What Should—and Shouldn’t—Be Obama’s Focus on the Middle East Peace Process
President-elect Obama would squander his assets and resources if he merely invested in another sisyphean effort to roll the peace process boulder up the hill again. With numerous competing demands on American leadership, energy and dynamism, the key for the new Administration is to separate those issues where American initiative is the key missing ingredient to success from those which will merely consume American effort. In this regard, it is difficult to argue that Israeli-Palestinian peacemaking is ripe for a considerable investment of the finite resources of a new President.
There is, of course, much the United States needs to do on that front—prevent the collapse of the PA, work more expeditiously and soberly for Palestinian security reform, prevent Euro-slackening on the isolation of Hamas, cajole Arab states to put meat on the bones of the Arab League summit initiative, address the recrudescence of anti-Jewish incitement, invest seriously in the Blair mission on economic development and institutional reform—all of which can be advanced, at levels below the presidential, even while Israel sorts out its political mess.

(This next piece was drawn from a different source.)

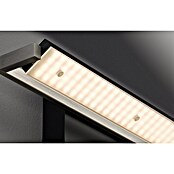 Fischer & Honsel LED-Wandleuchte Pare TW (20 W, L x B x H: 60 x 11 x 10 cm, Sandschwarz, Mehrfarbig) | BAUHAUS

Indeed, there is one arena in which Obama may be uniquely placed to make a personal contribution—I believe he has the great opportunity to be a change agent on the normative aspect of peacemaking—i.e., not the important and essential haggling over security and territory but the psychological, emotional, intellectual and ideological contest over legitimacy. I would be delighted to see his unique contribution to peacemaking be to bring about historic Arab acceptance of Israel as a Jewish state. If he invests in that effort early and hard, and if that effort bears results, then no Israeli government—Likud, Kadima or Labor—will be able to withhold compromise on the issues most dear to their Arab side.